桃ちゃんの頼んだBLTもえちかの頼んだパンケーキも美味しそうだ。
みんなでご飯食べるのは美味しいね。
「でもそんなに手に入らないゲームってこのご時世あるんだね」
「確かに不思議ね、ああでもそのままのパッケージだけの発売というのがもう珍しいのかも知れないわね」
「そっかー。今はもうダウンロード版とかも当たり前だし、ソフトの問題だけだからね」
2ヶ月前に発売された【トミエクマ】何でもダウンロード版というのも存在したらしいのだけど、発売日から3日間のみの販売で後はパッケージ版が正式販売という事になったそうだ。
その正式販売分も今は品薄状態。
再入荷も余りないらしい。
偶に見かけるネットショップでのプレミアム価格は10から50倍とかの値段になっているとか。
「結構なプレミア品だね。たけのさんだからなぁー」
「えっちゃんは何かの交渉したの?」
「えっ、あぁ、うん…………ちょっと、ね」
何か、言えないというか言いにくい事みたい。
えちかは「やー」とか「あー」とかあわあわしている。
そんな恥ずかしがっているえちかは可愛い以外の何者でも無いよう6コロ目。
そしてみんなが食べ終わる頃に2人は私たちのテーブルにやってきた。
二人とももう着替えていて、ウエイトレスさんの服装の時とはやはり違う印象に見える。
あおばさんは学校帰りなのでそのままの制服。
たけのさんは大学生らしく私服みたい。
全員で5名の女子会の様な感じのテーブルになったが、たけのさんに別テーブルに呼ばれてコッチで話しましょうと……わたしとたけのさんという感じになった。
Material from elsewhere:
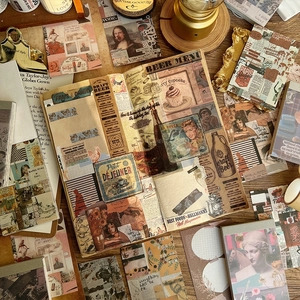 Vintage scrapbooking material set with retro posters and artistic stickers for DIY journaling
あ、やっぱそっかっていう事での対面となりお話をすることに。
「お待たせね、ます何度か会っているけれども自己紹介ね。私は米花たけの。今は大学生で此処のバイトリーダーみたいな感じかな。青葉とはまぁ腐れ縁でね…………よろしくね」
「っ、は、はいよろしくお願いします。私は遠江さらおと言います。あおばさんとは…………あれ、ええと多分友達です」
「ふふっ。多分なんだ。はい――――よろしくね。で話は青葉から聞いているわ。ゲームが欲しいんだってね」
「はい。そうなんです。その先には何かあるかも知れないので」
「ふーん。…………あぁ、そのブレスレット見せてくれる?」
私は言われるが儘にたけのさんに腕から外したブレスレットを渡した。